Transcript

Bladex, the foreign trade bank of Latin America, has been working to support and promote Latin American trade since the political and economic troubles of the 1970s and 80s. As Bladex celebrates its 40th anniversary, CEO N Gabriel Tolchinsky discusses the bank’s origins, the challenges Latin America faces today, and the role Bladex has to play in helping overcome those challenges. In the second half of this interview N Gabriel Tolchinsky explores the economies of Brazil, Mexico and Argentina, and the prospects for trade growth in the region.

N Gabriel Tolchinsky: Over the last 40 years, Bladex’s mission has been remarkably consistent. One: the strengthening of Latin America’s capacity to be engaged in foreign trade through the financing of specific trade transactions; and two: aid and promote Latin American integration so that Latin America could be eventually a source of value-added product to the world’s economy.

The 1970s and 1980s were a time of significant political upheaval, economic upheaval. And in that context, it was very important to create a bank with regional footprint that is able to lend to the local banks so that they in turn can lend to corporates that are engaged in foreign trade; and also be directly involved in the financing of trade transactions.
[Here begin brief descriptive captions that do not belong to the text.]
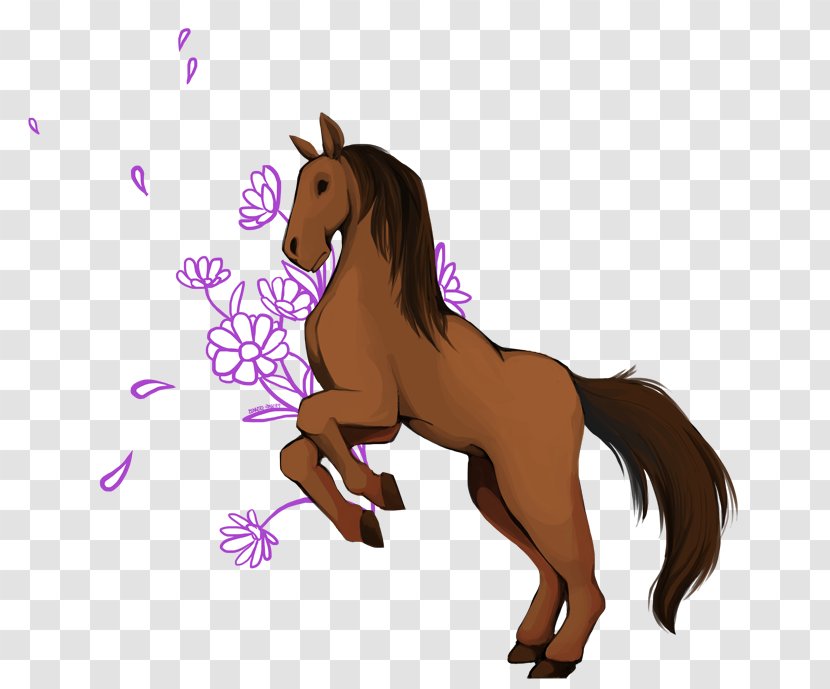 Foal Mane Stallion Mare Colt - Pack Animal - Chinese Horse Transparent PNG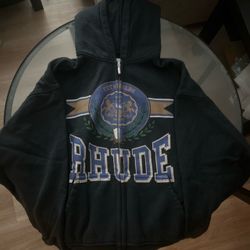 Rhude hoodie brand new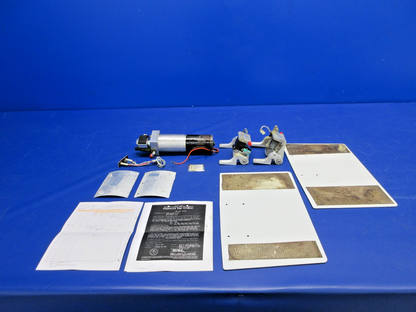 STOL Kit Spoilers, Brackets & Hydraulic Motor w/STC SA1558SW TESTED (0326-724)0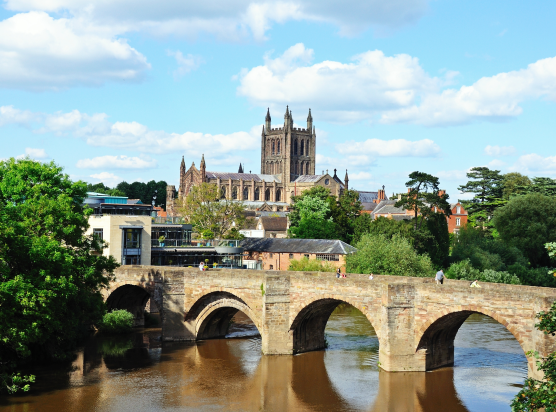 Car Locksmith Hereford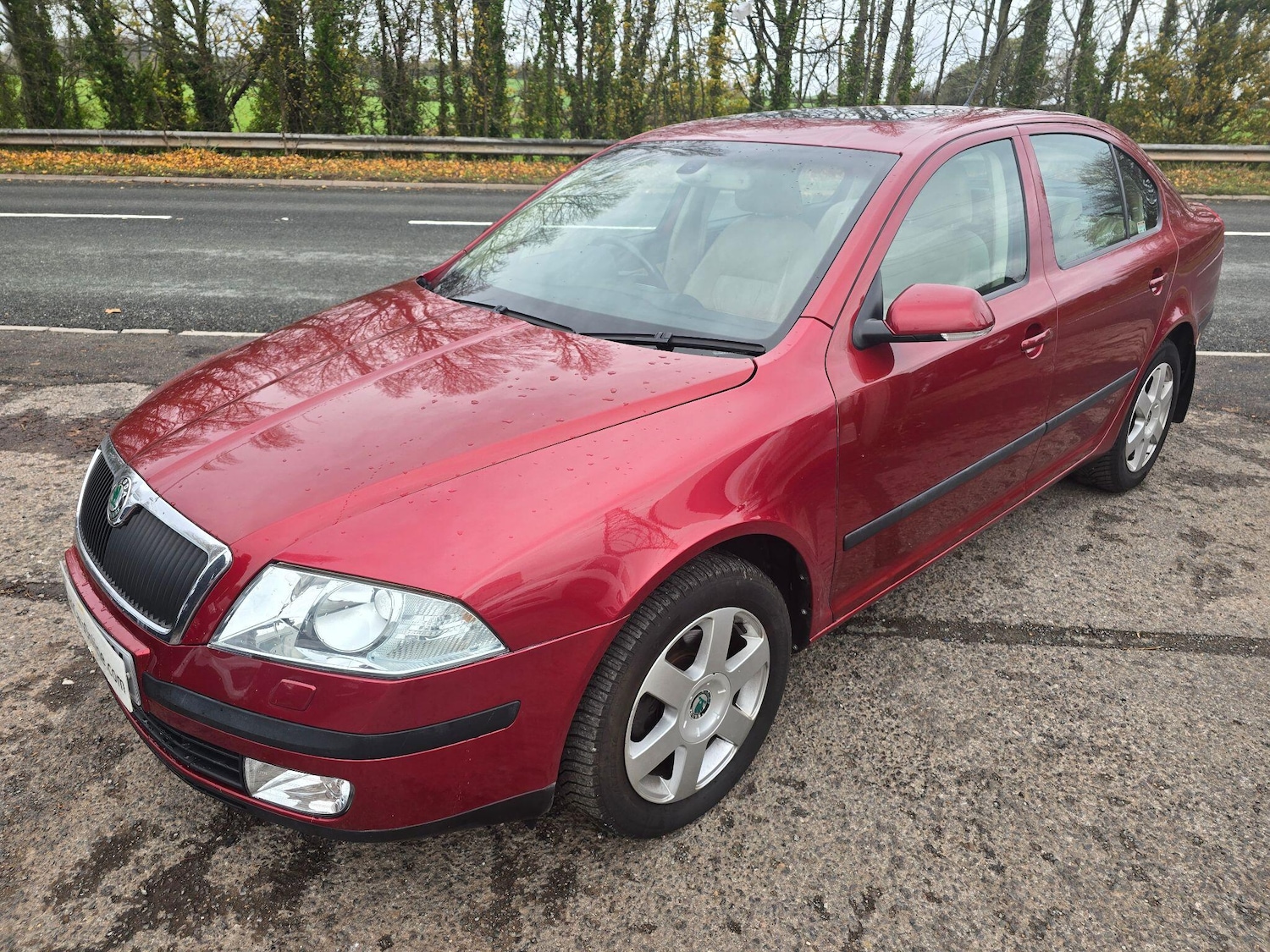 Used Skoda Octavia 2007 for sale - 76538324: Photo 3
Latin America faces quite a few challenges – particularly as they relate to trade. We’re seeing winds of change coming out of Washington; a little bit of unhappiness with the established world economic order. About 50 percent of the trade that Latin America does with the rest of the world is with North America: the US and Canada.

So, Latin America needs to diversify its trade channels. Relationships already started with China, Europe – those trade channels are growing and will continue to grow. But it’s also important to develop the capacity for Latin American to trade with itself.

Right now, trade among Latin nations represents about 16 percent of the overall trade that Latin America does. We expect that to grow to around 23 percent, but we need it to be more than just trading in commodities, and start providing value-added from one country to the next.

Today’s economy is very much a function of not only what we can tap out of the ground, but also what we can get out of an educated workforce that can add value in terms of technology, in terms of manufactured industrial capacity. And the challenge for the next 40 years is for Latin America to be able to tap not just natural resources, but human resources as well.

We believe that Bladex has a role to play in terms of being able to provide the right financing when trade takes place from one Latin American country to the next. Why? Because we know Latin American credit risk. Bladex, being in Panama, has a very strong presence in Central America. We know the countries, this is our back yard, and are able to endure the cycles of each one of these countries.

Bladex has the experience and know-how in lending to Latin America across border, because we’ve been doing business in the region for the last 40 years.

When a Peruvian company sells, for example, to a Brazilian company, and gives them 90 day terms for payment: we know the credit of the Peruvian company, we know the credit of the Brazilian company, and are able to be the most efficient financial intermediary. And in such a manner, be able to assist in the development of regional trade growth.